Photo (c) Jenny Abrahamsson.
Henrik von Eckermann with Mary Lou 194 took the second place. Photo (c) Jenny Abrahamsson.

First to go in the jump-off was the European silver medallist Harrie Smolders (NED) on the 13-year-old stallion Don VHP Z (Diamant de Semilly x Voltaire). The pair did a flawless round in a time of 46,89 seconds, setting the standard for the rest to follow as the big striding stallion ate up the ground in the Palexpo Arena.

Second to go was Henrik von Eckermann (SWE) on the 11-year-old mare Mary Lou (Montendro x Portland L) – the pair that ended third in the Longines FEI World Cup Finals in Omaha early this year and has gone steadily in the World Cups this season. Cantering efficiently in the huge ring but not taking too much risk, the pair took over the lead with a time of 45,49 seconds.

Gregory Wathelet (BEL) on the 11-year-old mare Coree (Cornet Obolensky x Liberty Life) – winners of the Rolex Grand Prix in Aachen this summer – were next up. Leaving all fences intact, the pair stopped the clocks at 45,69 seconds, staying behind von Eckermann.

But then came the current world no. one Kent Farrington (USA). Riding the 11-year-old mare Gazelle (Kashmir van Schuttershof x Indoctro), Kent once again proved just why he is ruling the ranks, taking the lead with a time of 44,96 seconds after a lightning fast round. When the last to go Cian O’Connor (IRL) on the 12-year-old gelding Fibonacci (For Feeling x Corland) had one fence down in a time of 48,88 seconds, Farrington could celebrate his first ever Rolex Major win. 

Photo (c) Jenny Abrahamsson.
Third place went to Gregory Wathelet and Coree. Photo (c) Jenny Abrahamsson.

“I am still a little bit shocked really,” Kent smiled after the prize giving. “I have been trying to win this for a long time and have been thinking about it all week,” he continued. “I am still waiting for it to sink in that I won. My horse was great today and I will definitely be in Holland for the Dutch Masters in March,” he said about his plans on trying to win another Rolex Major.

Second placed Henrik von Eckermann was satisfied with being the runner-up. “I knew I had Kent on my heels,” he smiled. “I think I lost it at the last fence, but I am very happy to be second today.  Kent was the best today and I think no matter what I would have done, I would not have been able to be faster than him.
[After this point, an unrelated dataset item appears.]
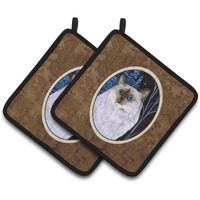 "Caroline's Treasures Starry Night Cat - Birman Pair of Pot Holders SS8403PTHD, 7.5HX7.5W, Multicolor"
He deserved the win - he has been trying for a long time.”

Third placed Gregory Wathelet complimented his fellow riders. “These two are amazing riders and I have no problem being third behind them,” he said. “I did not get my first distance in a few places. I knew Henrik was really quick and with Kent behind, I knew it would be difficult. My horse tried her best and I am very happy with her,” he concluded. 

Farrington is now in the run for the Grand Slam bonus of 1 million Euros, should he manage to win three Majors in a row. If he then wins also the fourth event, Farrington will receive another 1 million Euro bonus. For anyone winning two of the four Majors, there is also a bonus; for two wins in succession 500,000 Euros, for two wins not in succession 250,000 Euros. It is safe to say, that Farrington will do his best to succeed Scott Brash (GBR) – the only rider to win the Grand Slam bonus so far.

The Rolex Grand Slam now moves to the Netherlands and The Dutch Masters in ’s-Hertogenbosch, that takes place from 8th to 11th March 2018.